La sua ossessione ha un nome ben preciso: Chardonnay. Tutto gira intorno al concetto di purezza, piacevolezza, freschezza e luminosità. Quattro punti cardinali attorno ai quali si dipana, ogni anno, l’arte dell’assemblaggio di Panaïotis, alla perpetua ricerca della declinazione perfetta di questo straordinario vitigno.
Ogni etichetta di Ruinart (R, Blanc de Blancs, Rosé o Dom) è un incrocio di materialità e sensibilità, la Weltanschauung del mondo di Frédéric Panaïotis.
La degustazione
Ruinart Blanc de Blancs
Partiamo da uno dei figli prediletti della Maison, il Blanc de Blancs. E’ frutto di un assemblaggio di Chardonnay annata 2012 con un 26% di vini di riserva 2011 e 2010. La predominanza di Premiers Crus della Côte des Blancs e della Montagne de Reims dona finezza aromatica, ma la morbidezza, senza eccedere in zuccheri, è donata dai vini dello Sézannais. Ci sono anche alcuni vini del nord della valle della Vesle, che conferiscono un tocco di freschezza e leggerezza.
Aromi agrumati e di frutta bianca esaltano la vivacità di uno champagne dotato di una piacevolezza estrema. Fiori di sambuco si alternano a note tostate, in una beva in cui è difficile individuare il momento per dire “basta così”.
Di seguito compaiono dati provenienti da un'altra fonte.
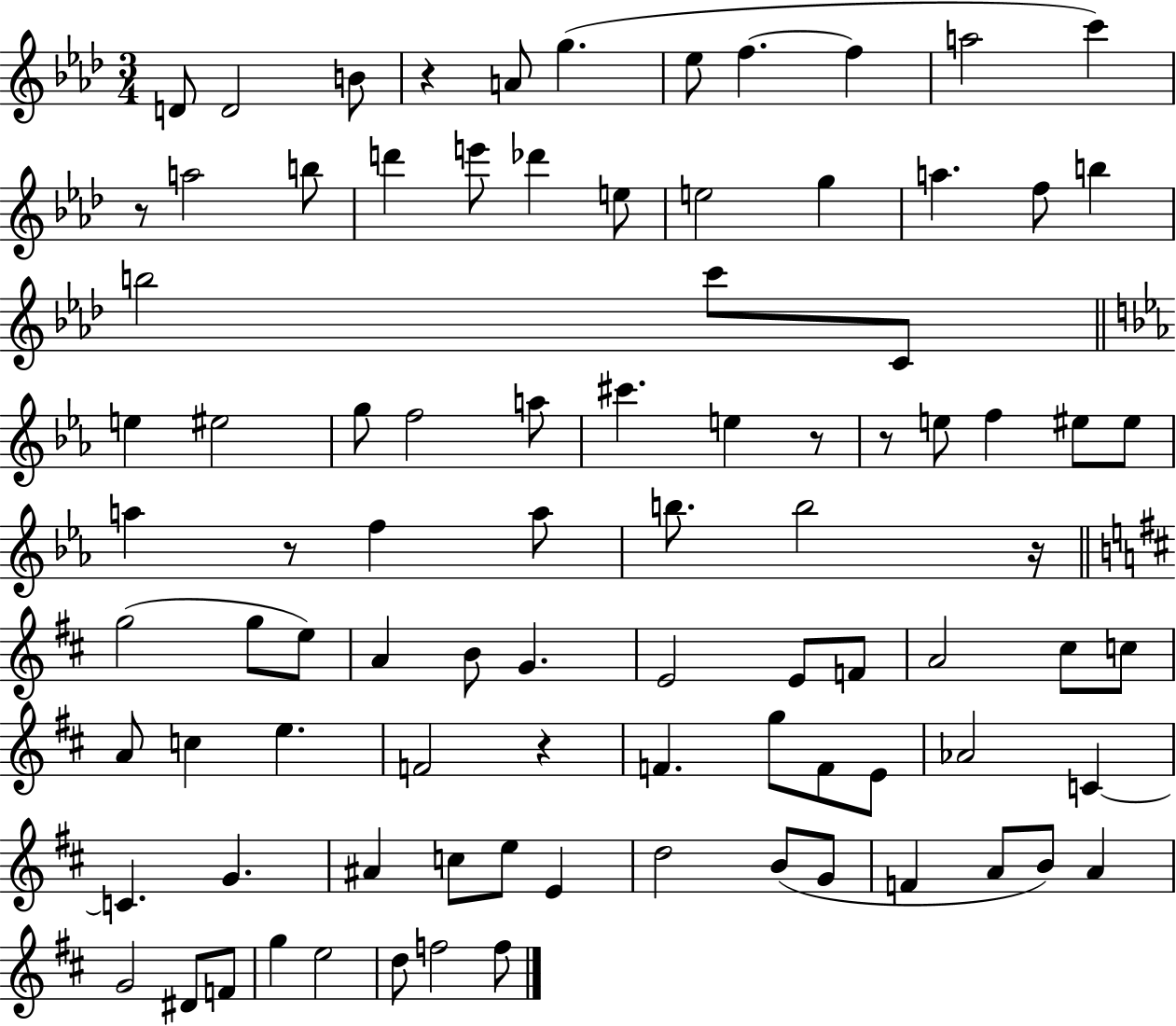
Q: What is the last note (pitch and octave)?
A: F5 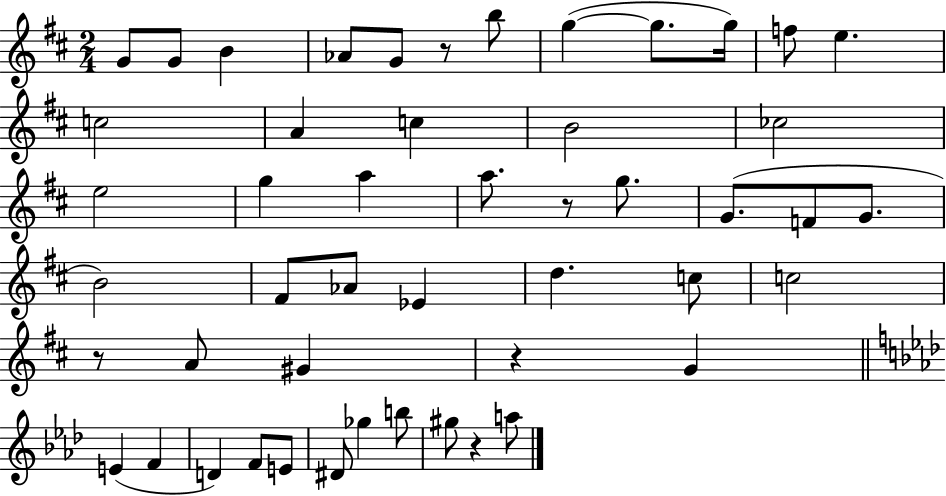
G4/e G4/e B4/q Ab4/e G4/e R/e B5/e G5/q G5/e. G5/s F5/e E5/q. C5/h A4/q C5/q B4/h CES5/h E5/h G5/q A5/q A5/e. R/e G5/e. G4/e. F4/e G4/e. B4/h F#4/e Ab4/e Eb4/q D5/q. C5/e C5/h R/e A4/e G#4/q R/q G4/q E4/q F4/q D4/q F4/e E4/e D#4/e Gb5/q B5/e G#5/e R/q A5/e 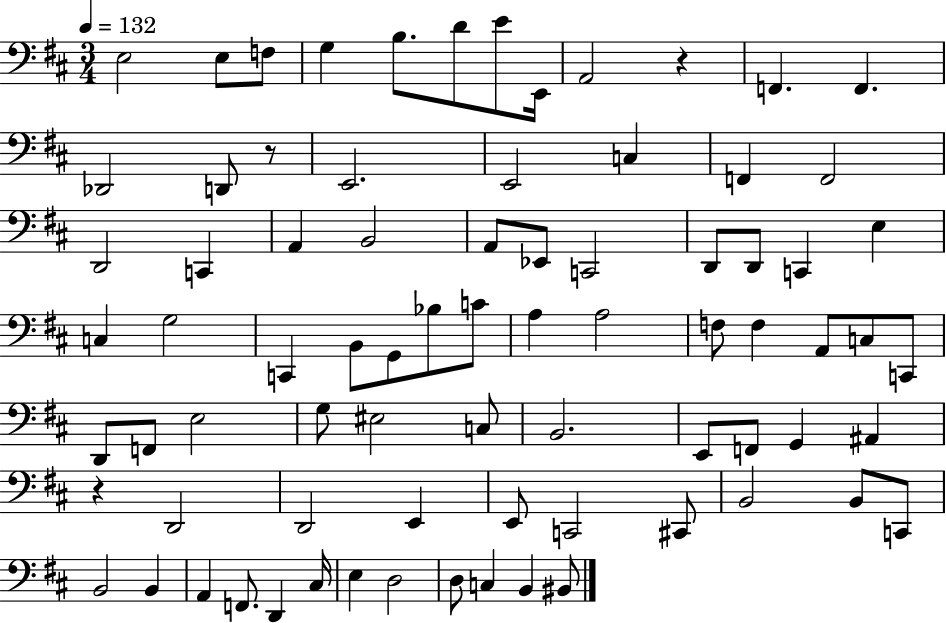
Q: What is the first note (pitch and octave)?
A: E3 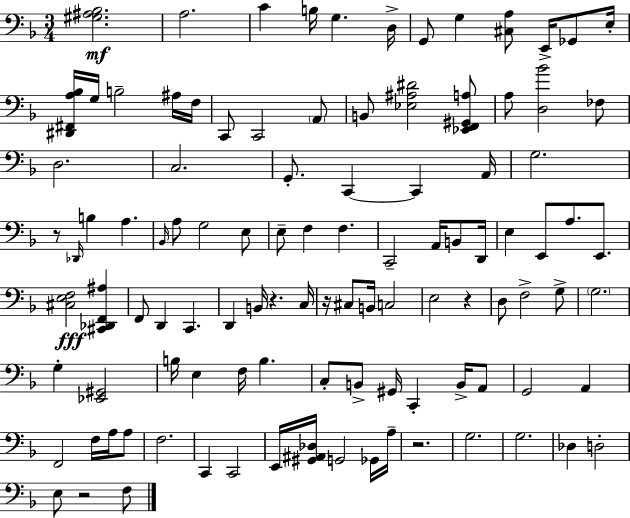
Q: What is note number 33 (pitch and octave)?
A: G3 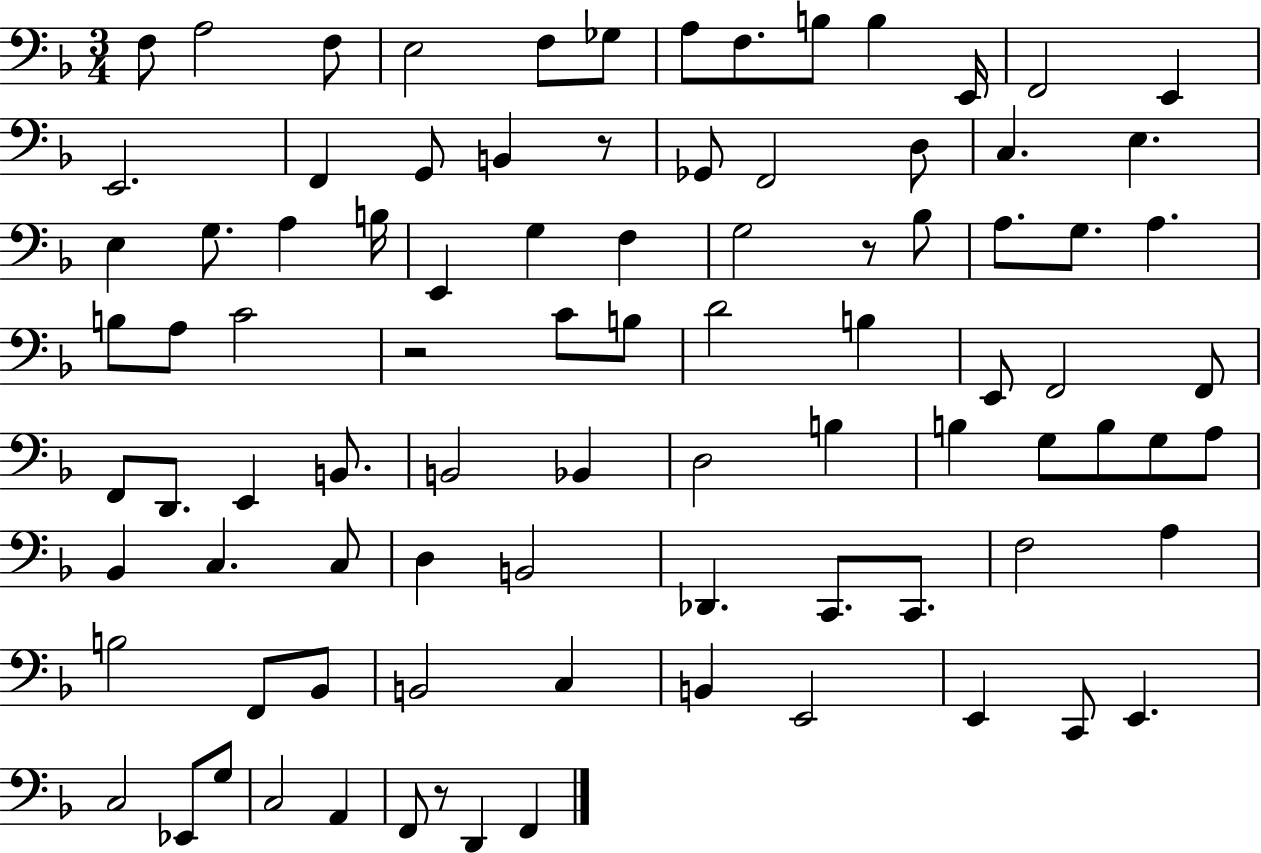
{
  \clef bass
  \numericTimeSignature
  \time 3/4
  \key f \major
  f8 a2 f8 | e2 f8 ges8 | a8 f8. b8 b4 e,16 | f,2 e,4 | \break e,2. | f,4 g,8 b,4 r8 | ges,8 f,2 d8 | c4. e4. | \break e4 g8. a4 b16 | e,4 g4 f4 | g2 r8 bes8 | a8. g8. a4. | \break b8 a8 c'2 | r2 c'8 b8 | d'2 b4 | e,8 f,2 f,8 | \break f,8 d,8. e,4 b,8. | b,2 bes,4 | d2 b4 | b4 g8 b8 g8 a8 | \break bes,4 c4. c8 | d4 b,2 | des,4. c,8. c,8. | f2 a4 | \break b2 f,8 bes,8 | b,2 c4 | b,4 e,2 | e,4 c,8 e,4. | \break c2 ees,8 g8 | c2 a,4 | f,8 r8 d,4 f,4 | \bar "|."
}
Dom Ruinart Blanc de Blancs 2004
Dall’identità allo stile. Dom Ruinart 2004 nasce esclusivamente da Grand Cru di Chardonnay (69% provenienti dalla Côte des Blancs come Chouilly, Le Mesnil e Avize, mentre il 31% dal versante nord della Montagne de Reims in particolare Sillery e Puisieulx. La cuvée exceptionnelle della Maison è l’emblema del lavoro di Panaïotis: raffinato, minerale, esemplare per acidità e linearità. Lungo e profondo come le Crayères in cui ha riposato per anni, il 2004 tra note di miele d’acacia, pompelmo e aromi tostati ci ricorda un grande Chablis.
Ruinart Rosé
L’altra faccia del gusto Ruinart. Il Rosé nasce da un assemblaggio di Chardonnay (45%) e Pinot Noir (55%). Come per il BdB uve che provengono in maggioranza da Premiers Crus, con l’apporto di un 25% di vini di riserva delle due annate precedenti.
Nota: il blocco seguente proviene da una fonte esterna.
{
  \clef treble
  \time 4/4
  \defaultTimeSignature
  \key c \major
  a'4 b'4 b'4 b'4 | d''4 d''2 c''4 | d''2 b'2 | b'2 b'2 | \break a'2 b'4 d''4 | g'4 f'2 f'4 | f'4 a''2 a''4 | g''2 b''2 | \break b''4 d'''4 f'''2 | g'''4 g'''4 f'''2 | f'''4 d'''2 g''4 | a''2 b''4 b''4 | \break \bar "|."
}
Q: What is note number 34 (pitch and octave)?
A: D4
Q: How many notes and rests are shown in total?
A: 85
Attacco conturbante di piccoli frutti rossi, in particolare lampone e fragolina di bosco. Strepitosa rotondità e soprattutto bevibilità.
Dom Ruinart Rosé 2002
L’altra cuvée eccezionale della Maison Ruinart: l’anima è Chardonnay (80%) proveniente da Grand Cru della Côte des Blancs (Avize, Cramant, Le Mesnil-sur-Oger) e dalla Montagne de Reims (Sillery, Puisieulx). Il 20% di Pinot Nero parla il dialetto di Verzenay e Sillery.
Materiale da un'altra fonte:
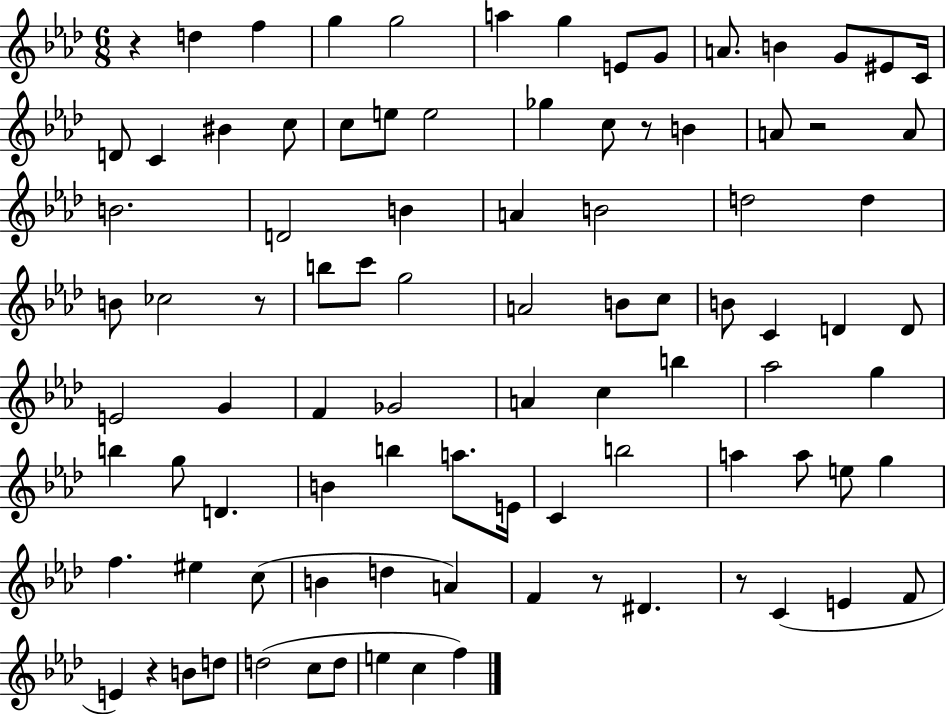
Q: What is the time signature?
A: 6/8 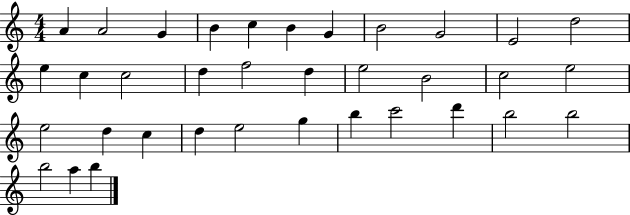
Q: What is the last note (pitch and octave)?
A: B5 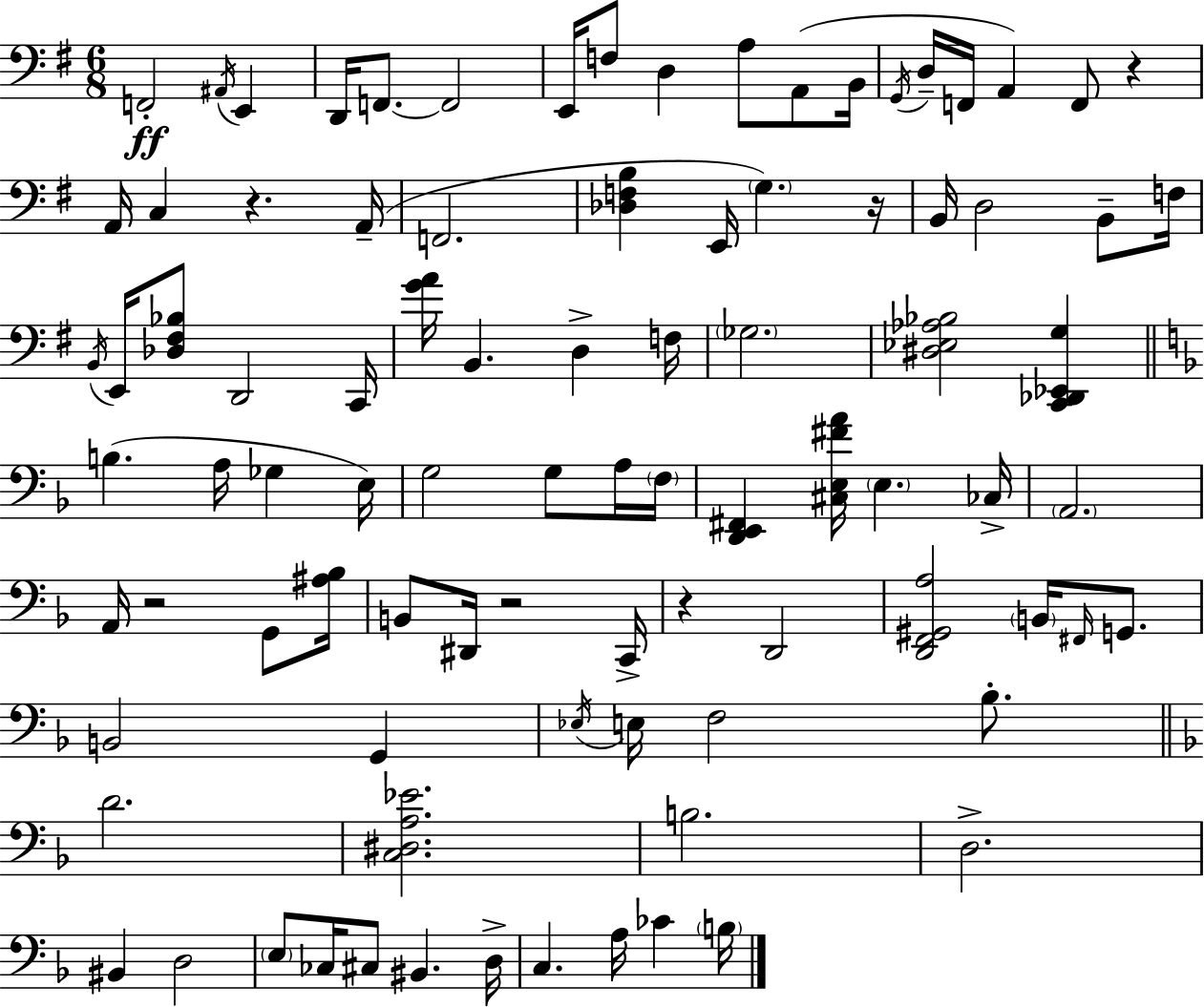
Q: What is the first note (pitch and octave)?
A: F2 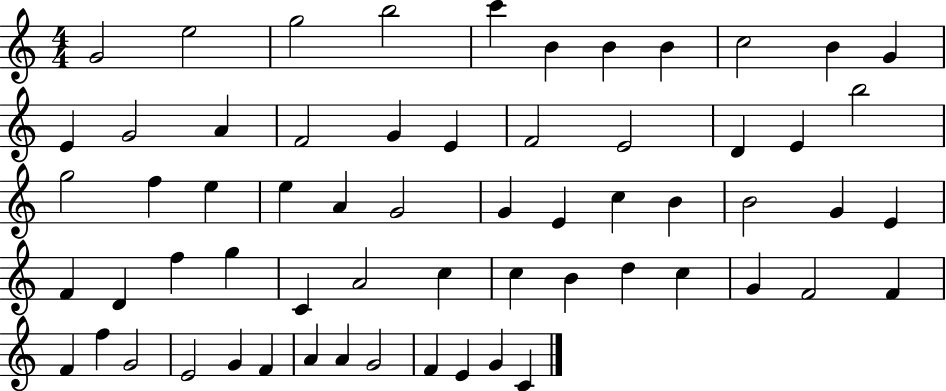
{
  \clef treble
  \numericTimeSignature
  \time 4/4
  \key c \major
  g'2 e''2 | g''2 b''2 | c'''4 b'4 b'4 b'4 | c''2 b'4 g'4 | \break e'4 g'2 a'4 | f'2 g'4 e'4 | f'2 e'2 | d'4 e'4 b''2 | \break g''2 f''4 e''4 | e''4 a'4 g'2 | g'4 e'4 c''4 b'4 | b'2 g'4 e'4 | \break f'4 d'4 f''4 g''4 | c'4 a'2 c''4 | c''4 b'4 d''4 c''4 | g'4 f'2 f'4 | \break f'4 f''4 g'2 | e'2 g'4 f'4 | a'4 a'4 g'2 | f'4 e'4 g'4 c'4 | \break \bar "|."
}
Un vino maschile, di eccezionale nettezza e integrità: intenso e suadente, con i suoi aromi di viola. Dimostra una maturità e un’identità ben connotata, ma fa presagire un futuro in cui svilupperà caratteri e peculiarità. E per dimostrarcelo ecco che Frédéric cala un asso fuori programma: Dom Ruinart Rosé 1996, ancora indenne dal tempo che passa, di una freschezza spaventosa, zucchero e acidità perfettamente bilanciate, aromi floreali e un orto di erbe aromatiche che ti stregano all’olfatto.